> [Assignment]:
From the first line of the data below through the line bearing "The Pecking Order: Chickens", reproduce each line exactly; do not include pictures.
────────────────
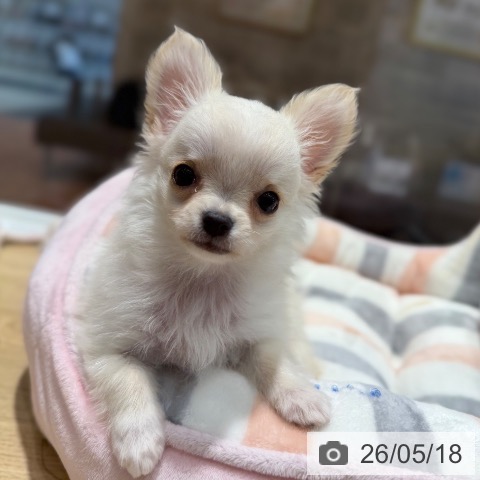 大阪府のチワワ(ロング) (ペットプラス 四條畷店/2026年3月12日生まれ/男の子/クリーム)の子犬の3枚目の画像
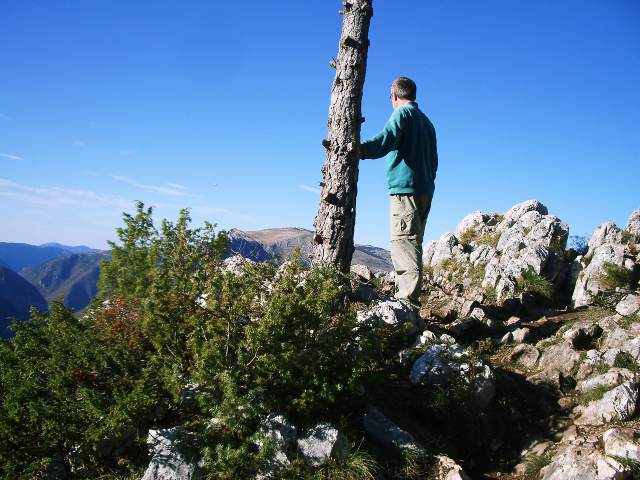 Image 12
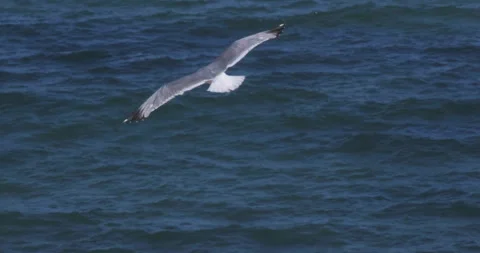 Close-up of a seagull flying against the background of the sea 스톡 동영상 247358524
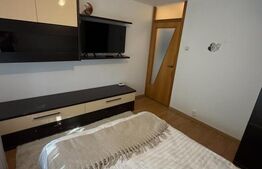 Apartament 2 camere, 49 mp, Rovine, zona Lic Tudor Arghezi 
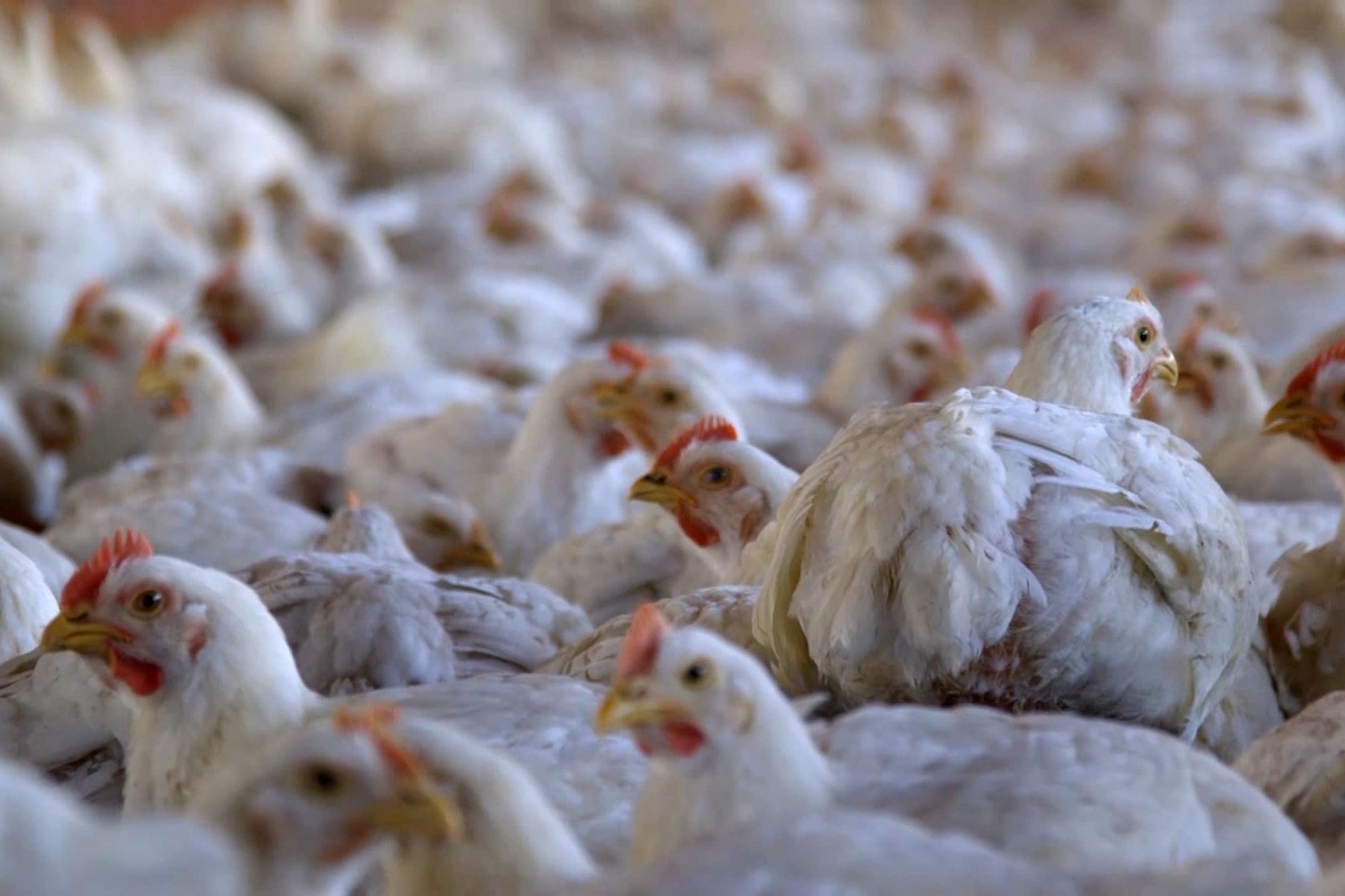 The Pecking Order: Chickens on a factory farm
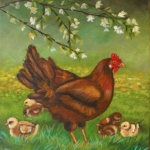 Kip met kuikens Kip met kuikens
────────────────
> [Your response]:
 大阪府のチワワ(ロング) (ペットプラス 四條畷店/2026年3月12日生まれ/男の子/クリーム)の子犬の3枚目の画像
 Image 12
 Close-up of a seagull flying against the background of the sea 스톡 동영상 247358524
 Apartament 2 camere, 49 mp, Rovine, zona Lic Tudor Arghezi 
 The Pecking Order: Chickens on a factory farm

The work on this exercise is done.